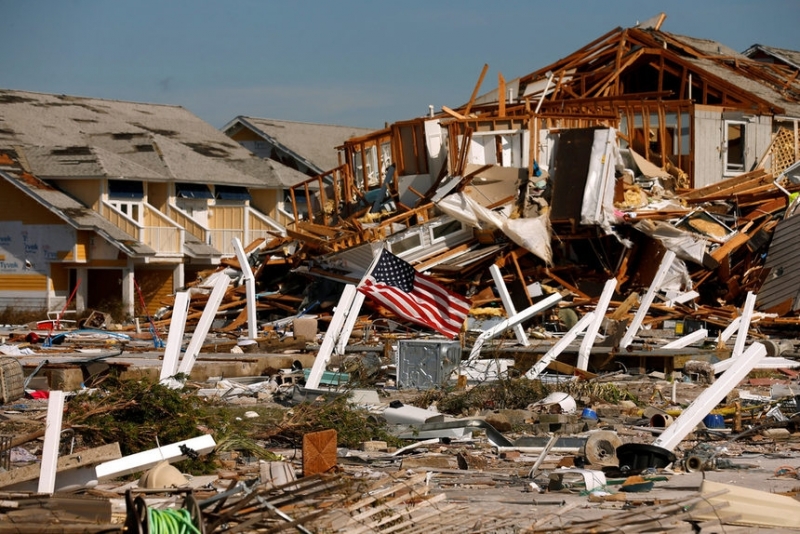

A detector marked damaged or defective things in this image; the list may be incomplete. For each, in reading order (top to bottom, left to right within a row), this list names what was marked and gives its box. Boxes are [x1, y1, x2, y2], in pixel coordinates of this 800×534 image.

damaged roof [0, 92, 310, 191]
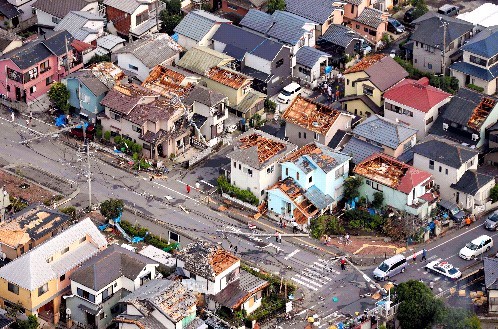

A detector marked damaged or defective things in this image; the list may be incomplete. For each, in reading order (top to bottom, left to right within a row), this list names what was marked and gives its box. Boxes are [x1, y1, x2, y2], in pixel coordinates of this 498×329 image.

damaged roof [229, 128, 296, 169]
damaged roof [282, 95, 344, 135]
damaged roof [284, 144, 350, 174]
damaged roof [352, 114, 418, 147]
damaged roof [354, 152, 432, 193]
damaged roof [0, 204, 69, 247]
damaged roof [71, 243, 158, 290]
damaged roof [177, 240, 239, 278]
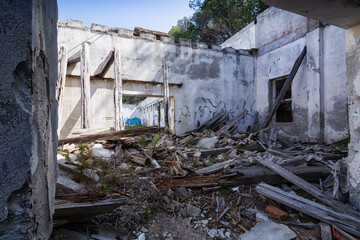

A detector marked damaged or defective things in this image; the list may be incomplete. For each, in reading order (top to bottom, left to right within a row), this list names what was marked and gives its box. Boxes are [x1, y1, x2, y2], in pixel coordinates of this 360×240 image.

splintered wood beam [93, 50, 114, 77]
broken wooden plank [94, 49, 114, 77]
splintered wood beam [262, 47, 306, 129]
broken wooden plank [262, 47, 306, 129]
broken wooden plank [58, 125, 160, 144]
broken wooden plank [219, 109, 248, 132]
broken wooden plank [255, 157, 360, 218]
broken wooden plank [53, 197, 126, 223]
broken wooden plank [256, 183, 360, 237]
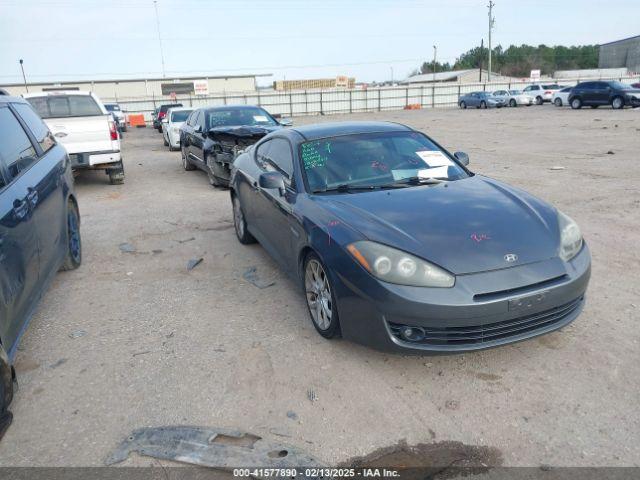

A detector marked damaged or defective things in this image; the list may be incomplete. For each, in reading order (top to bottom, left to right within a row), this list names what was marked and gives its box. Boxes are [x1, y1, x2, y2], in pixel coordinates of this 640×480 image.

damaged black car [179, 106, 292, 187]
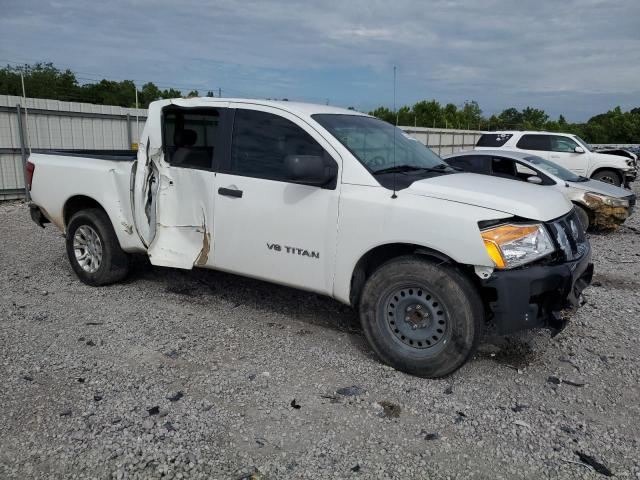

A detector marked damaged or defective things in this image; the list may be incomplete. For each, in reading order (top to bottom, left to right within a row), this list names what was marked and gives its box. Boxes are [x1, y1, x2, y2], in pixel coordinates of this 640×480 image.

dented door [131, 100, 229, 270]
damaged pickup truck [27, 97, 592, 376]
damaged car [27, 98, 592, 378]
damaged front bumper [482, 242, 592, 336]
damaged car [444, 151, 636, 232]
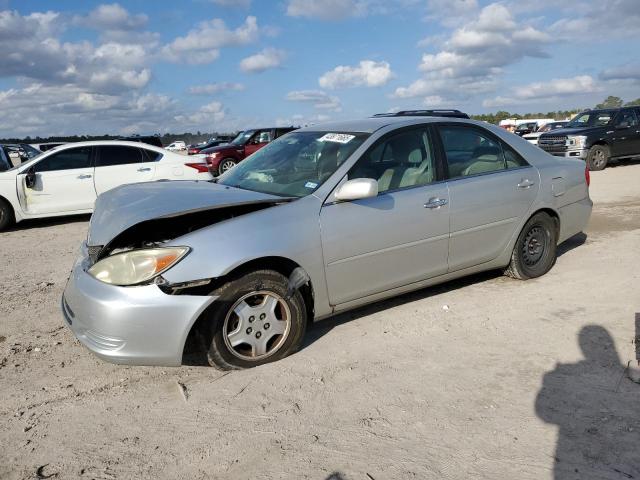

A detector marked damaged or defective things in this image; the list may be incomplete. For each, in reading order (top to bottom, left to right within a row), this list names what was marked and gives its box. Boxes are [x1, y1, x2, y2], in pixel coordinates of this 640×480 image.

crumpled hood [88, 181, 282, 248]
broken headlight [89, 248, 190, 284]
damaged front bumper [62, 249, 218, 366]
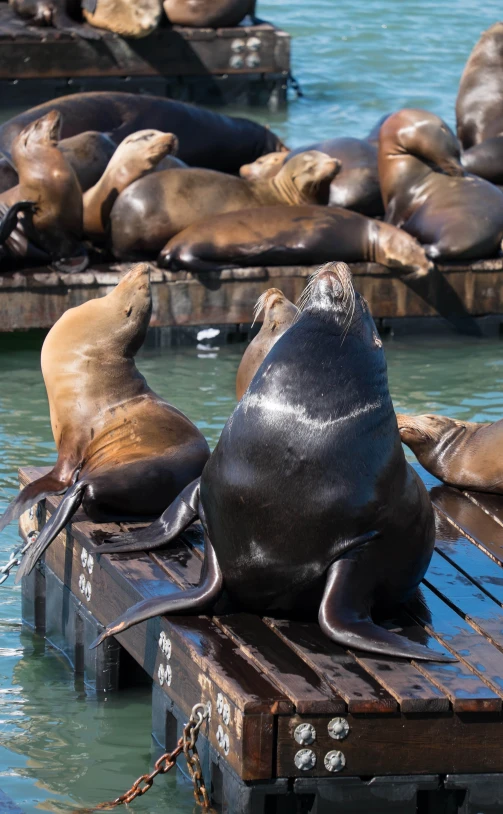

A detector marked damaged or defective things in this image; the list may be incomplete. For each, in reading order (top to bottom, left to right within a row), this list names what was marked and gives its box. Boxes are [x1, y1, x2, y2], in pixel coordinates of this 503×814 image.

rusty metal chain [0, 532, 37, 588]
rusty metal chain [83, 704, 214, 812]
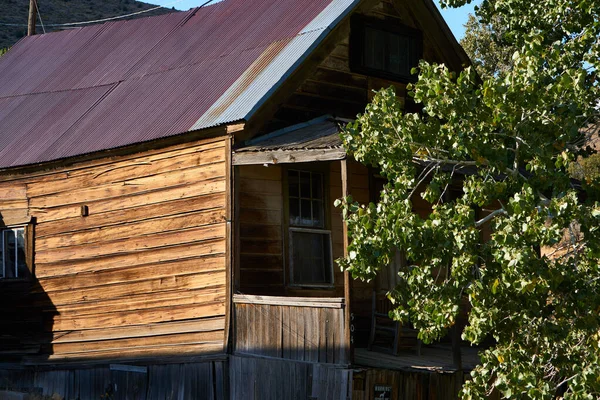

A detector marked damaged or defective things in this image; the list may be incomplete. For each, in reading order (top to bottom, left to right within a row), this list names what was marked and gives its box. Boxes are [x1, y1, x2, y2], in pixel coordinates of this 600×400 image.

rusty red roof panel [0, 0, 358, 168]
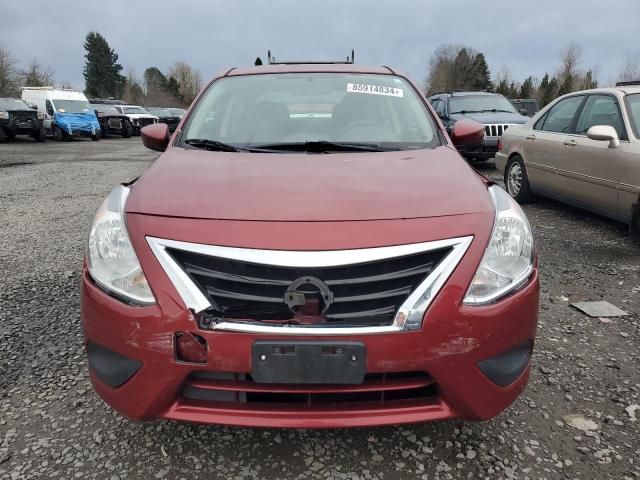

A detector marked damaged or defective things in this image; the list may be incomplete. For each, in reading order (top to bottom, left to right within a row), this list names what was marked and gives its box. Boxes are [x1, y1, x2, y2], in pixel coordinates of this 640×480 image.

wrecked vehicle [0, 97, 45, 142]
wrecked vehicle [81, 61, 540, 428]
◇ ◇ ◇ ◇ ◇
Task statement: Please output the lines from the line that holds "this 600×400 image." through the final line of the material above, both included. Each line must match exactly, and pictures must be excluded.

Solution for this problem:
A detector marked damaged or defective things in this image; the list may be incomplete. For each, in reading order (top to bottom, left to right within a row), this list names what was marked and gives its box. Boxes are [x1, y1, x2, y2], in pixel coordinates of this 600×400 image.

rusty red roof panel [0, 0, 358, 168]

A detector marked damaged or defective things in this image; the list may be incomplete. For each, in reading order (top to bottom, left to right within a row), this list names what was marked and gives its box. Boxes are [x1, y1, x2, y2], in pixel coordinates of this 640×480 image.

wrecked vehicle [0, 97, 45, 142]
wrecked vehicle [81, 61, 540, 428]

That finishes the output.